Evansville's West Side Sprayed For West Nile

Tonight Vanderburgh County Health Department officials sweep the streets, combating mosquitoes on Evansville's west side.
Tonight Vanderburgh County Health Department officials sweep the streets, combating mosquitoes on Evansville's west side.

This is the third area of the city officials have sprayed after testing positive for the West Nile virus.

The department has sprayed the east side, downtown, and now the west side of Evansville.

"That's my job. I'm trying to keep you from getting sick in Vanderburgh County," says Keith Goy.

This truck, the yellow light, and fog spraying out of the back makes for one lean mean mosquito killing machine.

Tonight, Keith Goy with the Vanderburgh County Health Department, sprays for mosquitoes on the west side of Evansville.

"We are going from Addison to Bosse Avenue, doing some of the area around Carpenter Creek. That's where there are some low areas on the west side, and we get a lot of pond water there," says Goy.

This year three areas in Evansville tested positive for the West Nile disease.

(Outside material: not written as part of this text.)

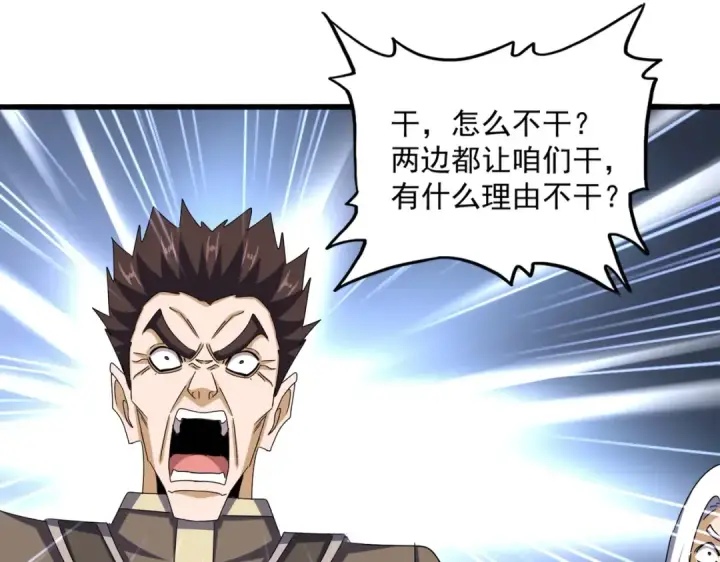 漫画《魔皇大管家》第511话 助我攻城第55张图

Already spraying the east side and downtown, tonight health officials spray the west side. Goy says this machine shoots a fog high into air to help kill the pests.

"There's a very small droplet size, that's meant to float in the air for a while. Then the mosquitoes will fly through it, get it on their body, and that's how it kills them," says Goy.

So far, in Indiana, sixteen counties have tested positive for West Nile.

"We actually have 53 different types of mosquitoes in Indiana. Of those, very few are actually considered a disease carrier that we are concerned about," says Goy.

Goy says the goal is to catch the mosquitoes at their breeding sites, near water. He says people should eliminate standing water in their yards like empty flower pots, bird bathes, even clogged gutters. "We can come out and check. We can treat those areas and kill the mosquito larvae for you. There's no charge for that. That's really what we are trying to do is catch them at their source," says Goy.

The Vanderburgh County Health Department suggests other ways you can help protect yourself from mosquito bites.

Here are some tips they suggest: avoid being outside around dusk or dawn, wear light colored clothing, keep your grass trimmed, eliminate water in your yard, and wear bug spray.